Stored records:
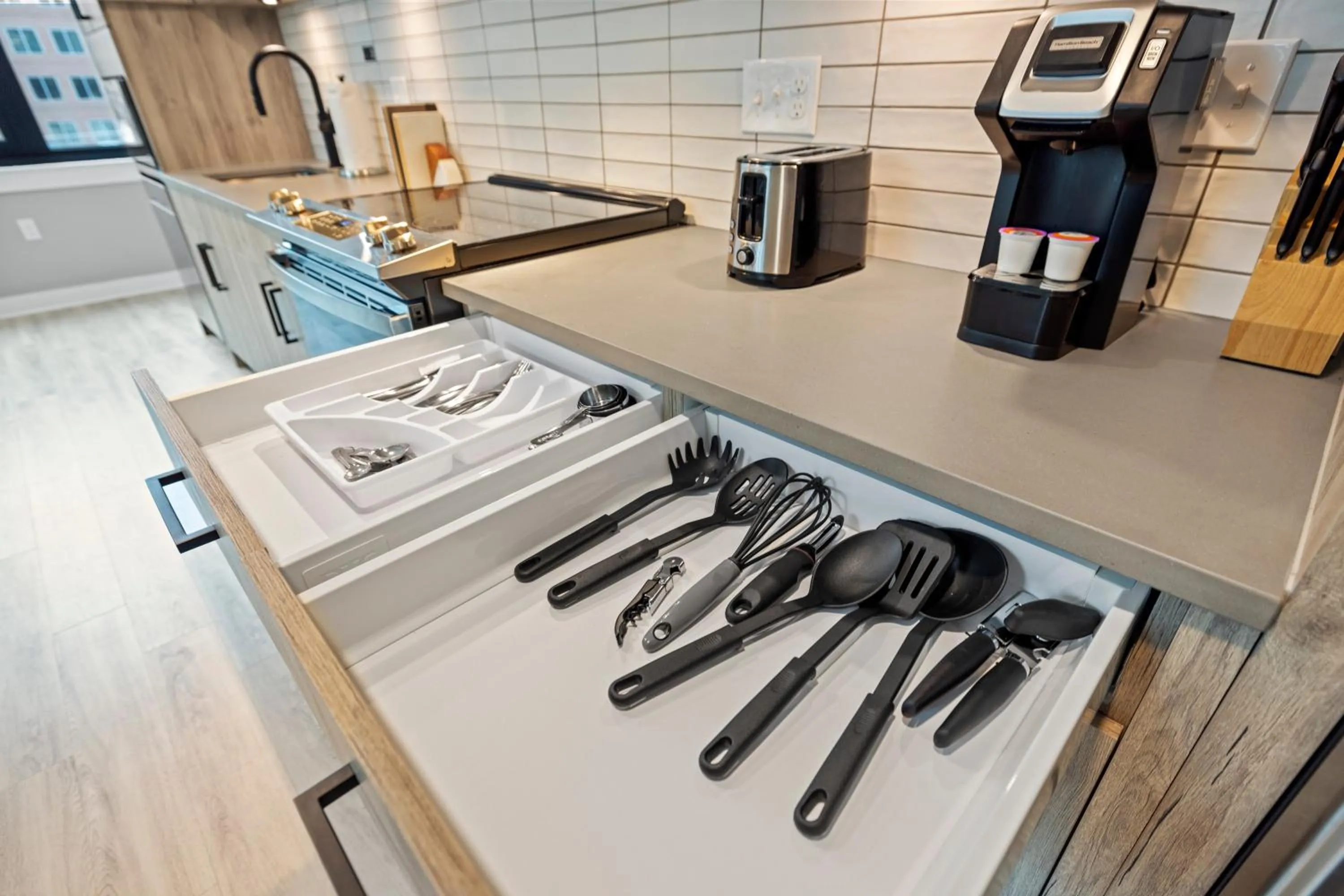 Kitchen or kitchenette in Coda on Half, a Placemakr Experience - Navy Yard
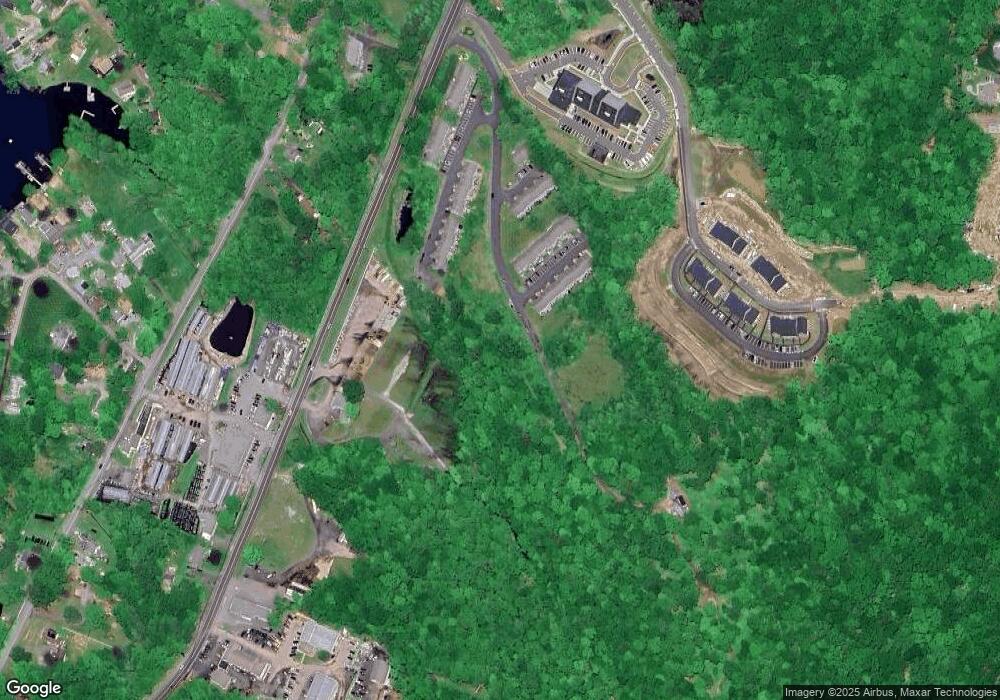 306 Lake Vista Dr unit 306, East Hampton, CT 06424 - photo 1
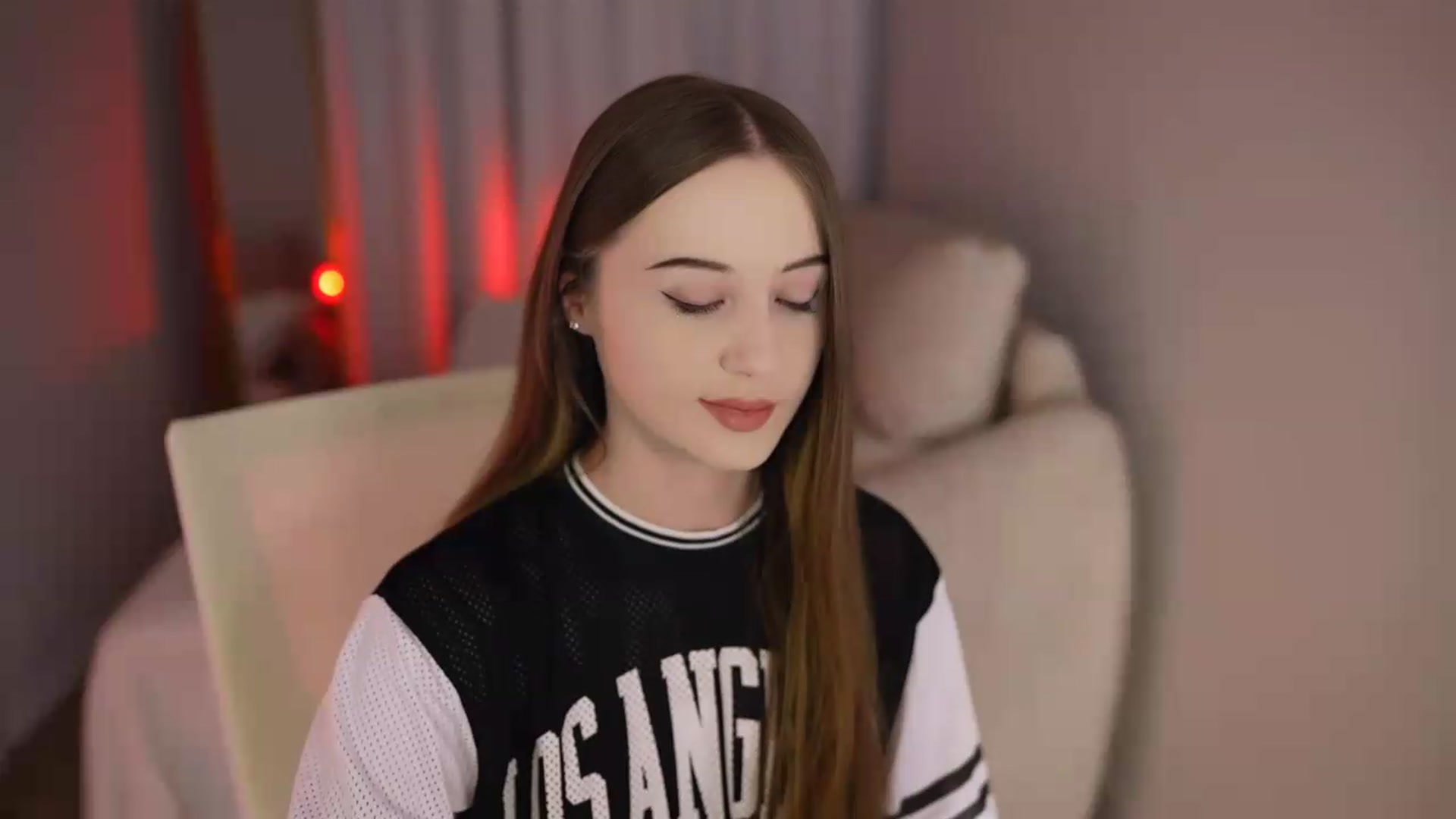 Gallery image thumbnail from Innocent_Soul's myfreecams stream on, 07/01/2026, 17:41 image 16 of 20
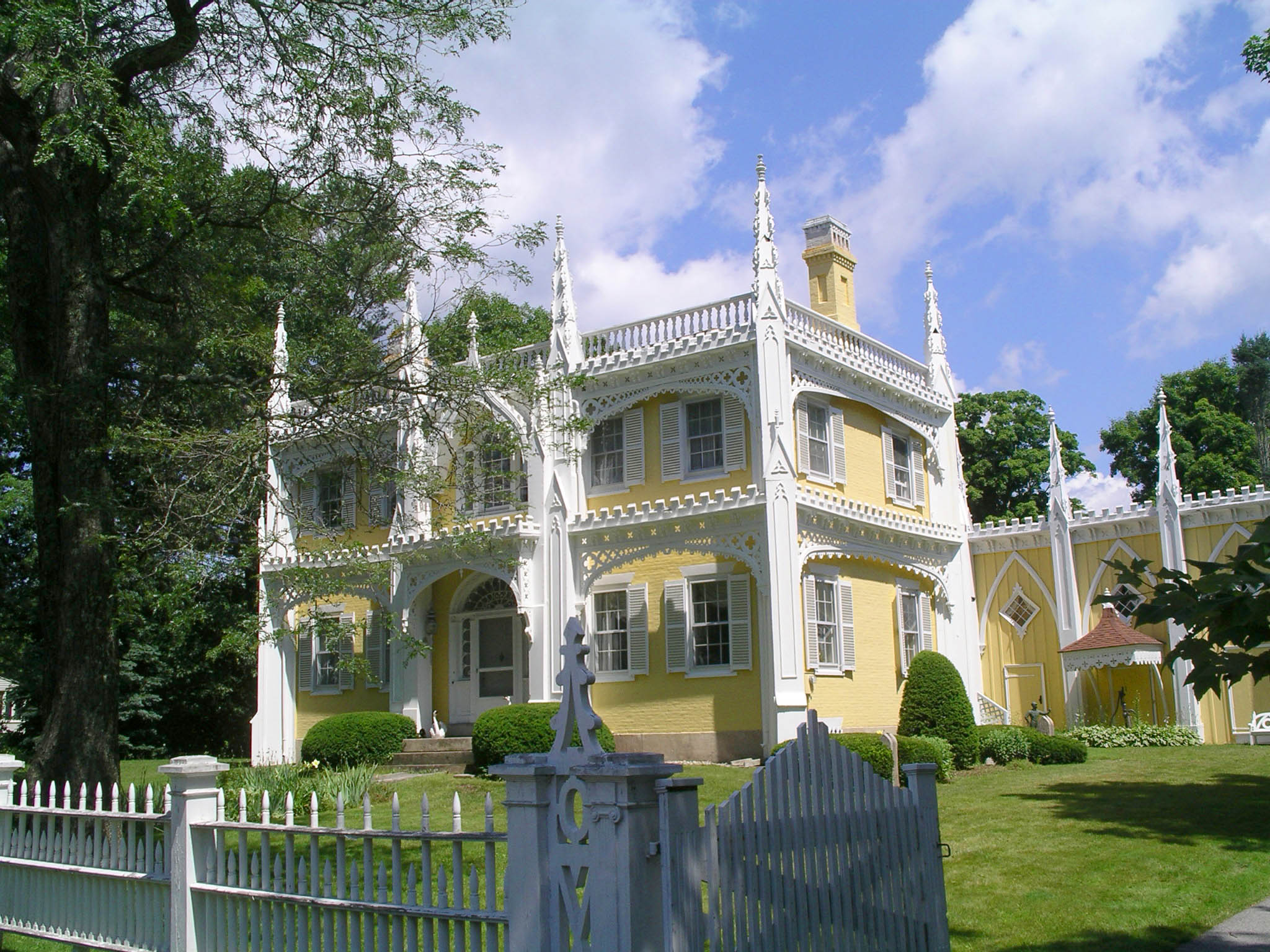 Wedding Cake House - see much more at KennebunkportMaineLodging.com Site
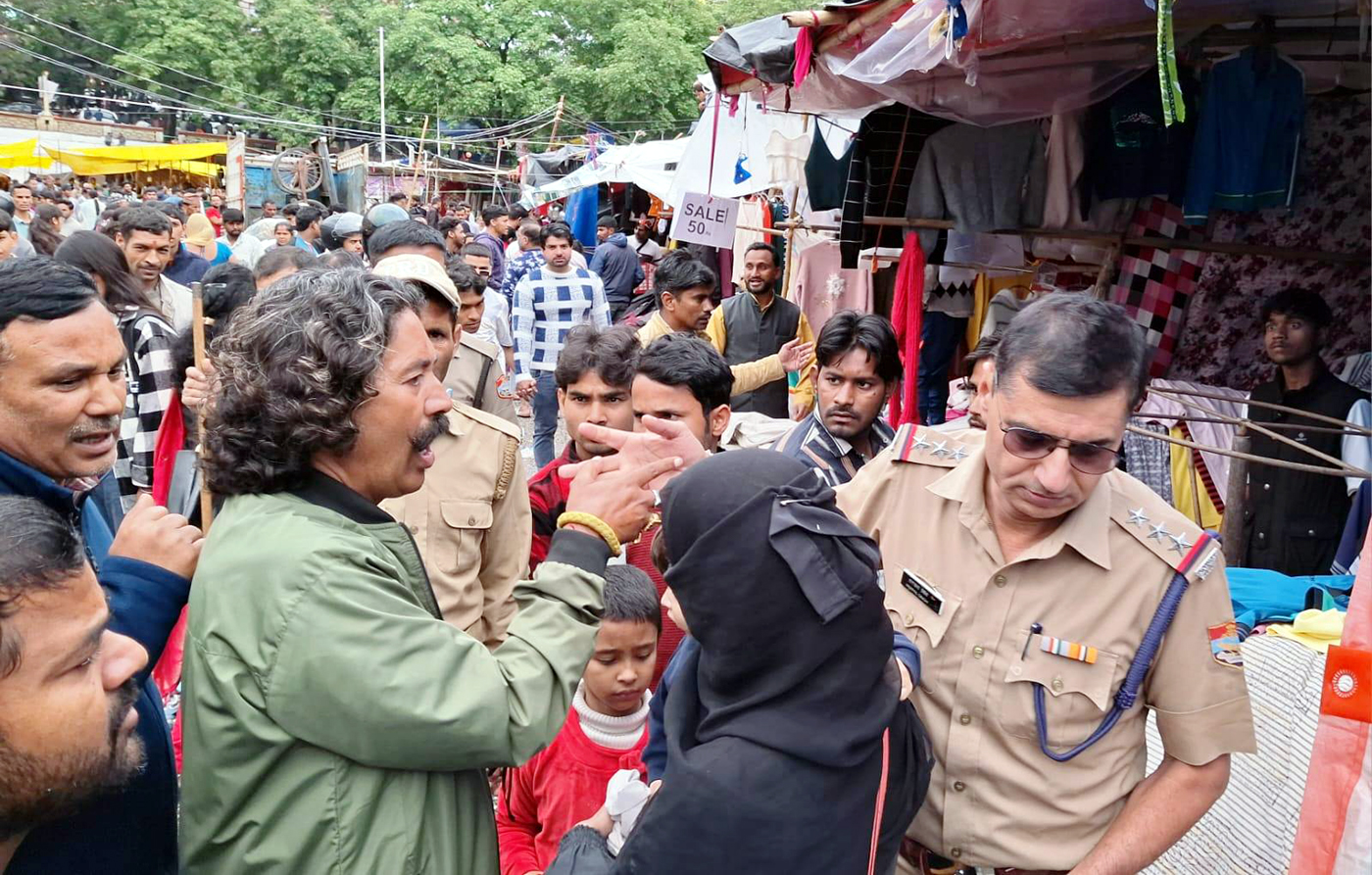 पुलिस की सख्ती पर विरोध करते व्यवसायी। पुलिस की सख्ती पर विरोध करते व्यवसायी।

◆ **Exercise details**: Return all the data exactly, pictures omitted.

◆ **Written response**:
 Kitchen or kitchenette in Coda on Half, a Placemakr Experience - Navy Yard
 306 Lake Vista Dr unit 306, East Hampton, CT 06424 - photo 1
 Gallery image thumbnail from Innocent_Soul's myfreecams stream on, 07/01/2026, 17:41 image 16 of 20
 Wedding Cake House - see much more at KennebunkportMaineLodging.com Site
 पुलिस की सख्ती पर विरोध करते व्यवसायी। पुलिस की सख्ती पर विरोध करते व्यवसायी।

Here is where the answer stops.